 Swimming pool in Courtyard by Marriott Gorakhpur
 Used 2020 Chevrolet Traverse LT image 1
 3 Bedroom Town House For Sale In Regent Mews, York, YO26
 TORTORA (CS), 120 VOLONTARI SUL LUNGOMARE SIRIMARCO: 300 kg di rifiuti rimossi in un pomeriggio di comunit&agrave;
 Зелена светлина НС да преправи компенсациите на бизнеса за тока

==========

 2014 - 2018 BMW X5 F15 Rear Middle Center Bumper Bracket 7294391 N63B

==========

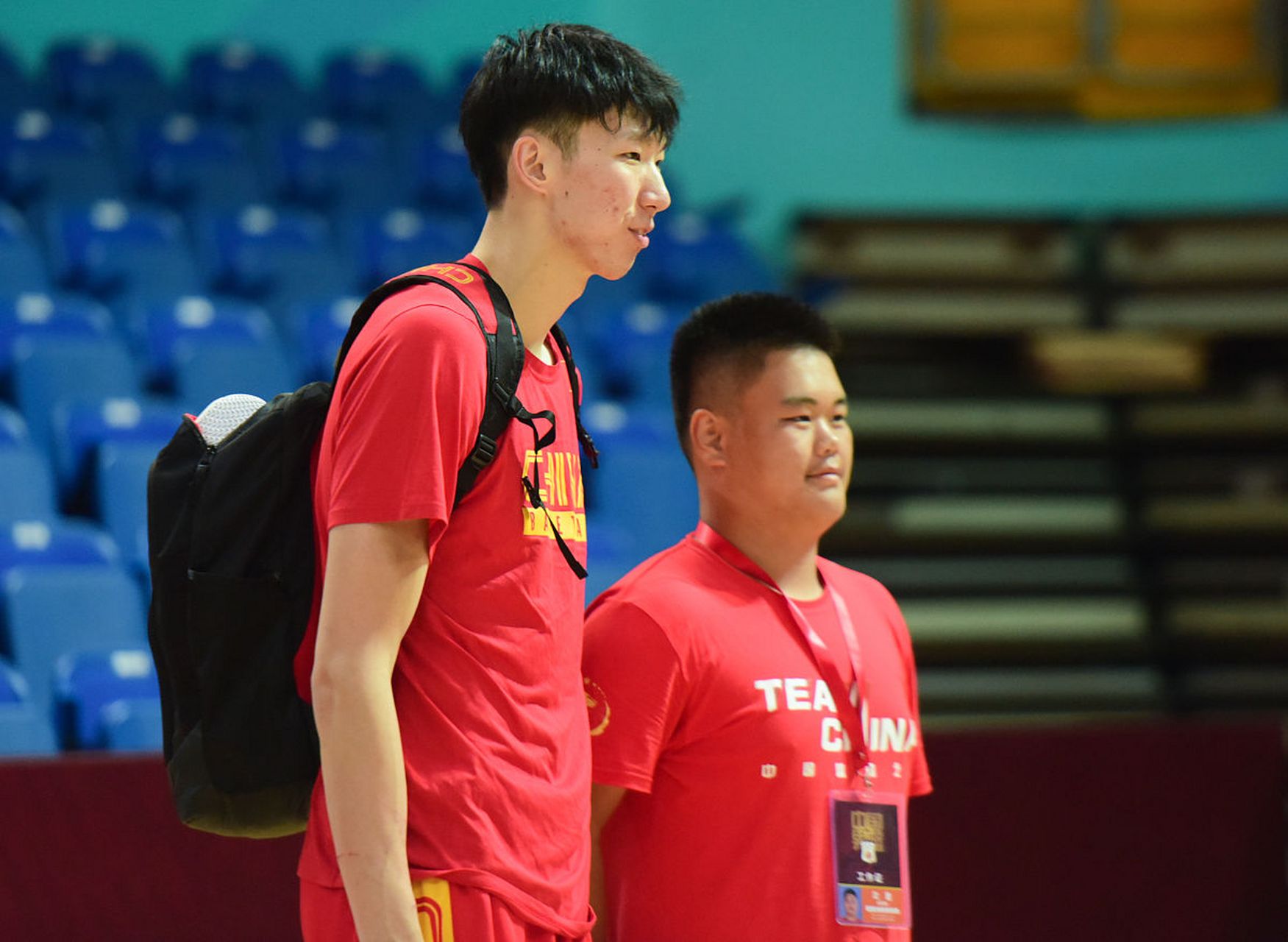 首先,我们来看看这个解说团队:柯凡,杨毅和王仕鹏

==========

# Action item:
Begin at the line that has "Used 2020 Chevrolet Traverse LT image 1" in the entries above; stop after the line that has "Зелена светлина НС". Transcribe exactly those lines and no others.

# Response for this exercise:
 Used 2020 Chevrolet Traverse LT image 1
 3 Bedroom Town House For Sale In Regent Mews, York, YO26
 TORTORA (CS), 120 VOLONTARI SUL LUNGOMARE SIRIMARCO: 300 kg di rifiuti rimossi in un pomeriggio di comunit&agrave;
 Зелена светлина НС да преправи компенсациите на бизнеса за тока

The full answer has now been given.